Boston Celtics forward Jayson Tatum asked if it’s “that hard to be supportive and empathetic to what others are going through.”
“This is someone’s daughter and her health [you’re] referring to,” he added, talking about Kirk. “[I] wonder if he has kids and how he would feel as a parent [if] someone [was] talking about his kids this way.”
Although their stories are vastly different — and separated by decades of time — Biles’ decision to step aside, as the weight on her shoulders was causing a mental health struggle with real-life consequences, is reminiscent of then-13-year-old runner Maureen Wilton in 1967.
In the ’60s, women were strongly discouraged from running in marathons — the attitude then was that such feats were not possible for females. Nevertheless, Wilton, nicknamed “Mighty Moe,” ran on an unpaved Eastern Canadian Marathon Championships course, and set a world record, besting the previous time by more than four minutes.

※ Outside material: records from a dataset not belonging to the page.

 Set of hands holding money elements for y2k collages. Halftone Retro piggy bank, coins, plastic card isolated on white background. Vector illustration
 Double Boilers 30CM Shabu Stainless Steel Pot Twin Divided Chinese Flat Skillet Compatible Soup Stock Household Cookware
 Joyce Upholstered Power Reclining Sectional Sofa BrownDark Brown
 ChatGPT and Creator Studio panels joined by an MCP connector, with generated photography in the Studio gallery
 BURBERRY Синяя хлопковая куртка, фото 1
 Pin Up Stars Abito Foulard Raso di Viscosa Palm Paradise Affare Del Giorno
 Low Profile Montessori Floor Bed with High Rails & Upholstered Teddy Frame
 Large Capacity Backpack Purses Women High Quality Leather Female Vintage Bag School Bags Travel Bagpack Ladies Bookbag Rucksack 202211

Wilton’s astounding success, which wasn’t recognized until years later, came and went without much fanfare at all for a whole host of reasons. Among them was the fact that, by 15 years old, “Mighty Moe” had largely moved on from running. It just wasn’t her passion; but perhaps more importantly, the pressure she faced — namely, from many in the media who argued just how wrong it was for a teenage girl to participate in a marathon — “killed” any desire within her to keep competing.
We have no reason to believe Biles’ passion is gone. In fact, based on everything she’s said and done, it’s still very much alive.
So while Biles’ and Wilton’s circumstances and outcomes might differ greatly, the common thread through both of their stories reveals the immense pressure athletes face.
Rather than leaping at the opportunity to condemn Biles for being “selfish,” why not see the nobility in the sacrifice she made by understanding her own limits and choosing, for the sake of Team USA, to step aside, at least briefly, in order to keep herself from becoming a liability.
Unlike Wilton, who was just a kid when she set a new record, Biles has spent years upon years training vigorously for this very moment. There’s no way she came to the conclusion she did — to stand on the sidelines — without a great deal of heartbreak and reflection.
As Christians, we should push back against the often magnetic pull from our culture, demanding we pick a side and plant a flag.
We are called to live differently.
“Let no corrupting talk come out of your mouths,” wrote the Apostle Paul in Ephesians 4. “But only such as is good for building up, as fits the occasion, that it may give grace to those who hear.”